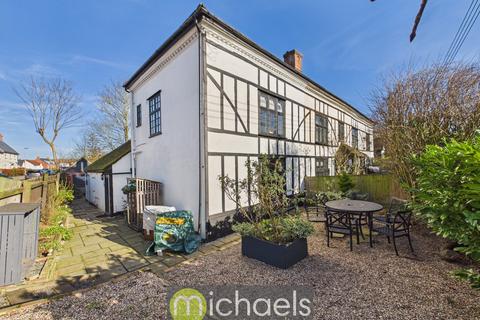 3 bed property, in Swan Street, £415,000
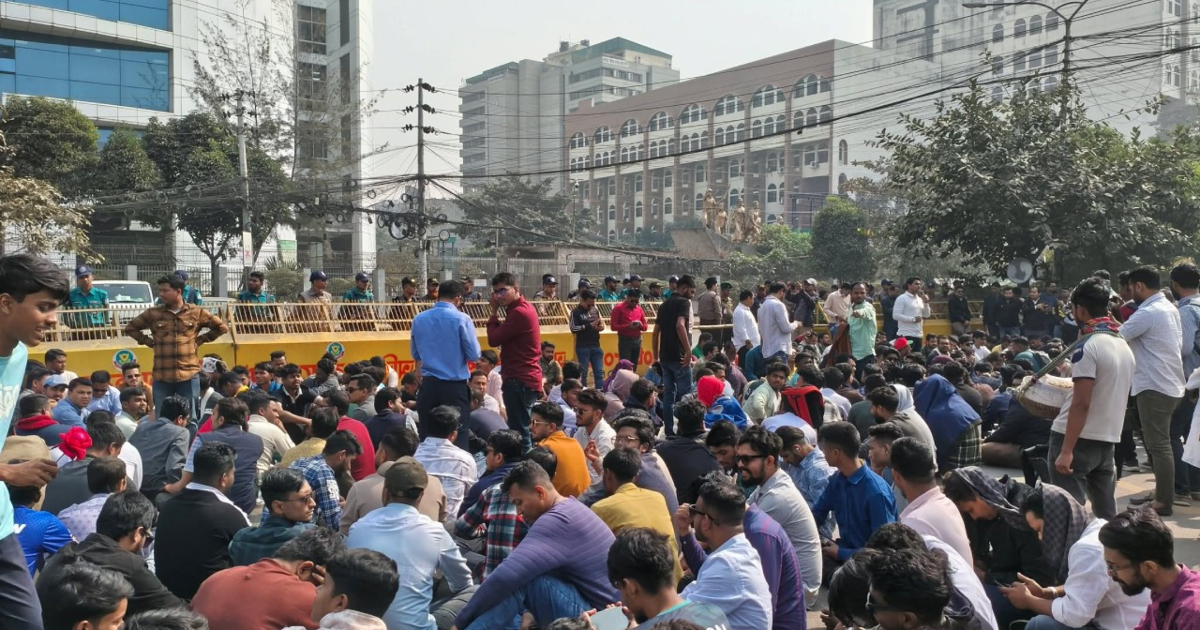 ইসির সামনে ছাত্রদলের দ্বিতীয় দিনের অবস্থান কর্মসূচি শুরু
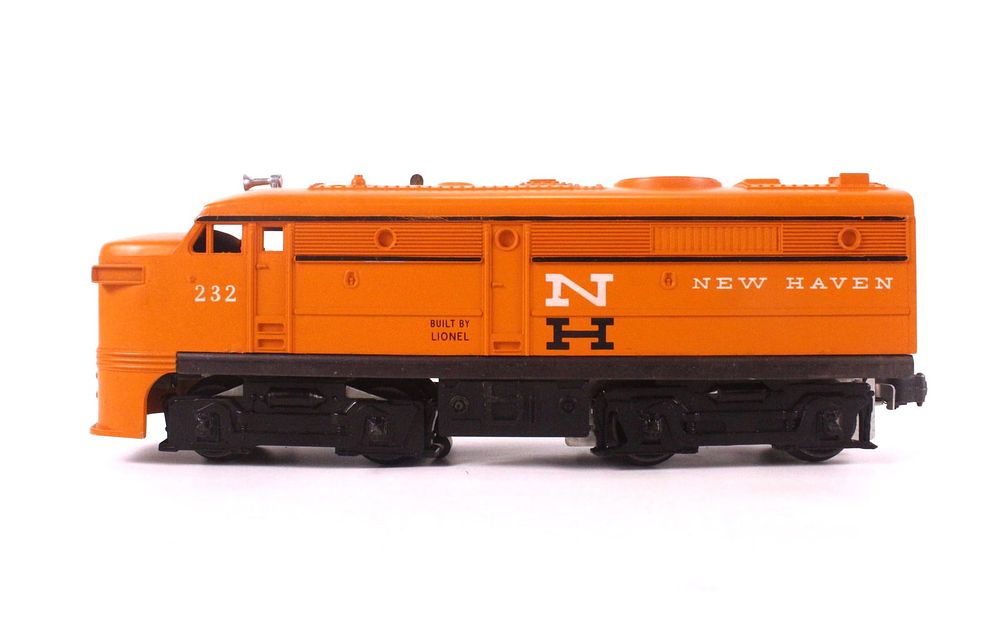 Lot 413: Vintage Lionel 0/27 Postwar The New Haven Alco A Unit Diesel Locomotive #2232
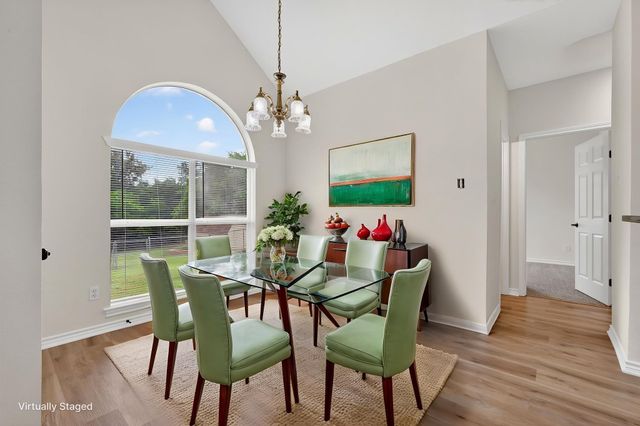 214 Knob Hill Drive, Granbury, TX 76048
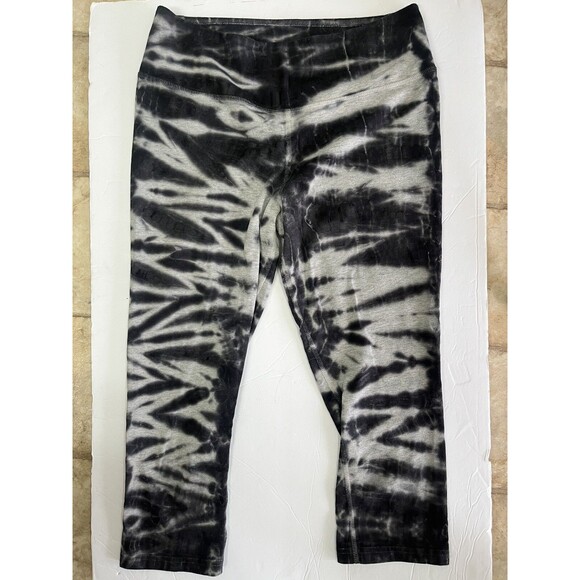 Nike Dri-Fit Black & White Leggings Pants Cropped Capri Striped Women’s M - Picture 1 of 3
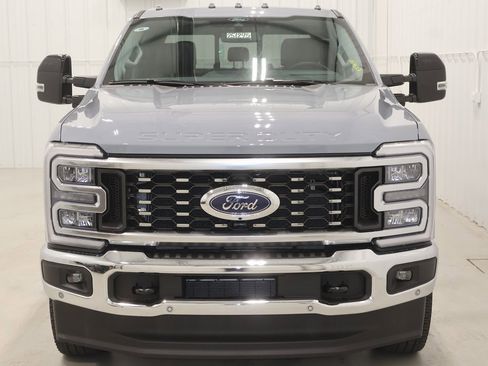 New 2025 Ford F350 Lariat w/ Lariat Ultimate Package image 3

Your task.
Your task is to give again, unchanged, the lines from the line that contains "214 Knob Hill Drive, Granbury, TX 76048" to the end of the records. Include both end lines but no pictures.

Answer box.
 214 Knob Hill Drive, Granbury, TX 76048
 Nike Dri-Fit Black & White Leggings Pants Cropped Capri Striped Women’s M - Picture 1 of 3
 New 2025 Ford F350 Lariat w/ Lariat Ultimate Package image 3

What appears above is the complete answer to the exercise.